Julius Cæsar

(From a statue)

[64 B.C.]

Instead of this brilliant mission Cæsar was invited (64) to preside in the tribunal, to which was committed the inquisition into cases of murder. Hitherto he had done no more than protest against the dictatorship of Sulla; he now determined to brand it with legal stigma. Among the cases which he caused to be cited before him were those of two political offenders, men who had imbrued their hands in the blood of the victims of the proscription. One of these named Bellienus was the centurion who had stabbed Ofella, the other was a more obscure assassin. He condemned these wretched ruffians, only to strike terror into higher quarters. He induced a tribune named Labienus to accuse an aged senator, Rabirius, of the slaughter of the tribune Saturninus; and by making it a criminal, and not a political, charge, he forbade the accused to withdraw himself from the process by voluntary exile. Cicero and Hortensius defended the culprit, but failed to move the judges. Rabirius appealed to the people. Labienus attacked, and Cicero again defended him, while the senators used every effort to excite the compassion of the populace. But the people exulted in the audacious injustice of the whole proceeding: for it was well known, first, that Rabirius had not killed Saturninus; secondly, that the real slayer had been rewarded, and the deed solemnly justified by competent authority; and, thirdly, that the transaction had occurred not less than thirty-six years before, and deserved to be buried in oblivion with the birth of a new generation. The appeal of Rabirius would inevitably have been rejected but for the adroitness of the prætor, Metellus Celer, who suddenly struck the flag which floated from the Janiculum while the tribes were assembled for public business. In ancient times the striking of the flag was the signal that the Etrurians were advancing to attack the city. Immediately all business was suspended, the comitia dissolved, and the citizens rushed to man the walls. The formality still remained in force among a people singularly retentive of traditional usages; and now the multitude which had just shouted clamorously for innocent blood, laughed at the trick by which its fury was baffled, and acquiesced in the suspension of the proceedings. Cæsar had gained his point in alarming and mortifying the senate, and allowed the matter to drop, which he never perhaps seriously intended to push to extremity.

[63 B.C.]

The same Labienus, devoting himself with zeal to the service of the patron he had chosen, induced the people in the next place to demand the abolition of Sulla’s law, by which they had been deprived of the election of pontiffs. On recovering this prerogative they acquitted their debt to Cæsar by nominating him chief of the college, thereby placing him at the head of a great political engine, and rendering his person inviolable. Neither the notorious laxity of his moral principles, nor his contempt, of which few could be ignorant, for the religious belief of his countrymen, hindered Cæsar’s advancement to the highest office of the national worship. It was enough that he should perform the stated functions of his post, and maintain the traditional usages upon which the safety of the state was popularly deemed to depend. Cæsar’s triumph was the more complete, as it was a victory over Catulus, who had competed with him for this dignity, and who, knowing his pecuniary embarrassments, had offered to buy off his opposition by a loan. Cæsar rejected the bribe with scorn, and declared that he would borrow still more largely to gain the prize. The nobles were straining every nerve to implicate him in a charge of conspiracy against the state, and the chief pontificate was necessary to insure his safety. When the hour of election arrived he addressed his mother, as he left his house, with the words, “This day your son will be either supreme pontiff, or else an exile.”

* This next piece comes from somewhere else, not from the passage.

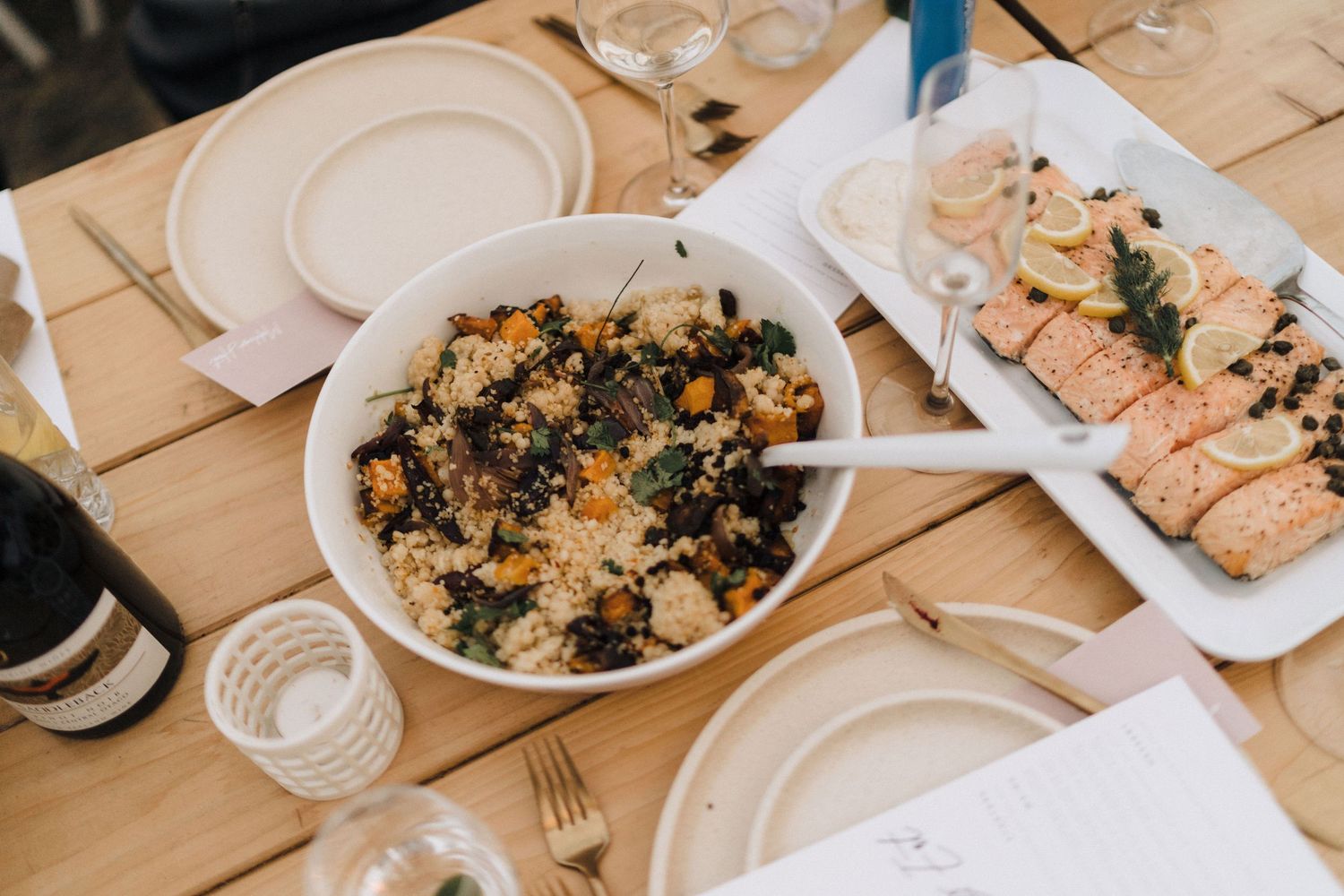 Elegant wedding reception food displayed on white plates at wooden table setting.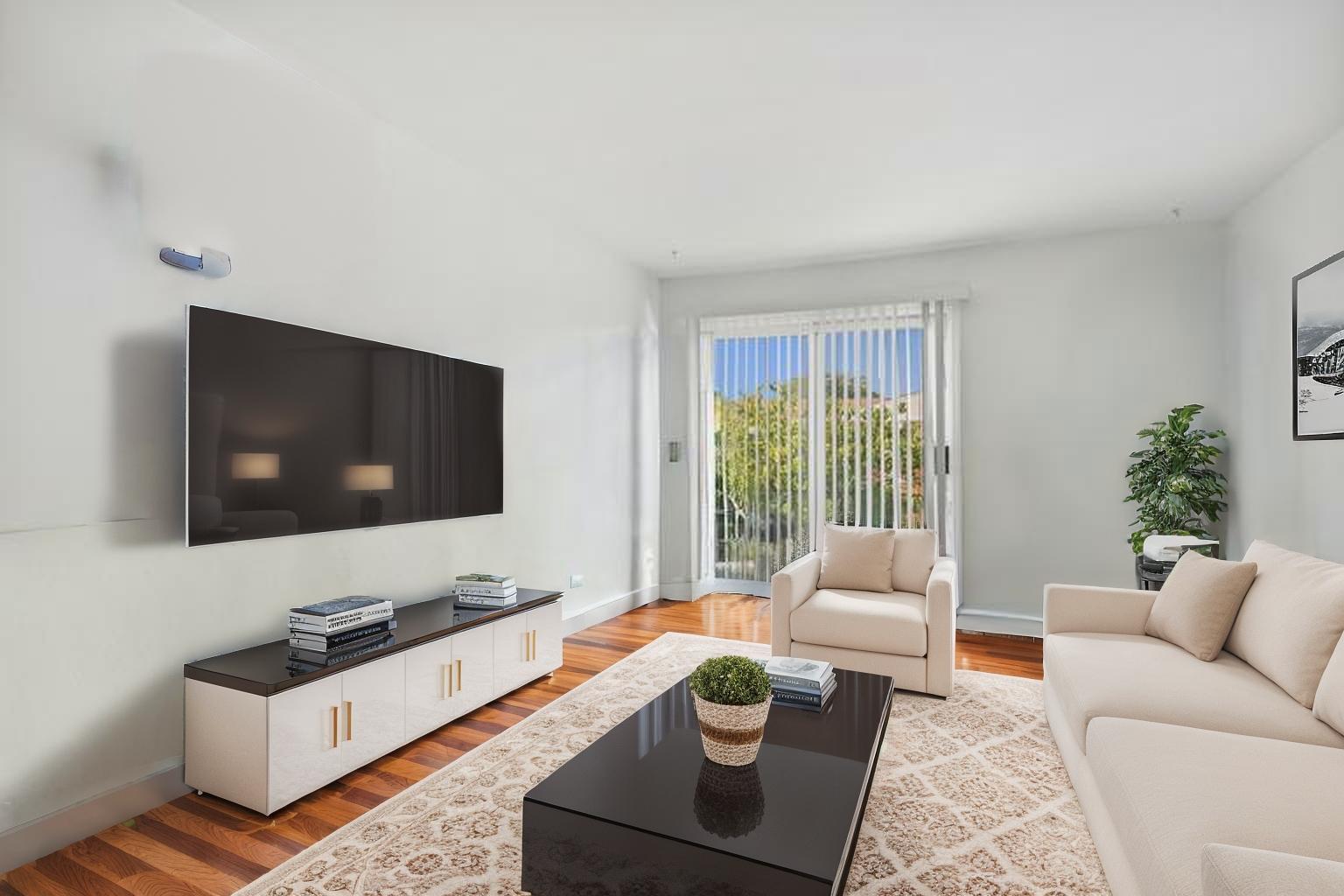 9561 Dee Road, Unit 2G Des Plaines, IL 60016 - Photo 4 of 18 a living room with furniture and a flat screen tv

The crime which it had been sought to fasten upon Cæsar was of the deepest dye and most alarming character. For some years past the city had been kept in feverish anxiety by rumours of a plot, not against any particular interest or party, but against the very constitution of the social fabric. The nobles had sounded the alarm, and their agents had insinuated complicity in some wild and treasonable enterprise against Cæsar, Crassus, and many other august citizens, objects of dislike and fear to the existing government. The fact of such a conspiracy was indeed speedily revealed, and it discovers to us in the most striking manner the frightful corruption of the times. Into its actual connections and ramifications we shall presently inquire; but first it will be well to trace its origin and motives, in order to explain the way in which the senate proposed to take advantage of it.

L. SERGIUS CATILINA AND HIS TIMES

[65-63 B.C.]

The generation of statesmen which had grown up at the feet of the Scipios and the Gracchi, though it had exchanged much of the simple dignity of the old Roman character for a tasteless affectation of Hellenic culture, was still for the most part imbued with sentiments of honour and probity, devoted to the welfare of the state, and only ambitious to shine at the head of a commonwealth of freemen. But its children, born and bred under the relaxation of all principle induced by the civil dissensions, were fearfully devoid of every moral principle. The vast accession of wealth and power which accompanied the conquest of the East overthrew whatever barriers poverty and simplicity of manners might still have set against the torrent of selfish indulgence. The acquisition of wealth, moreover, had only served to precipitate expense and prodigality. A few crafty usurers swept into their coffers the plunder won by a multitude of spendthrifts.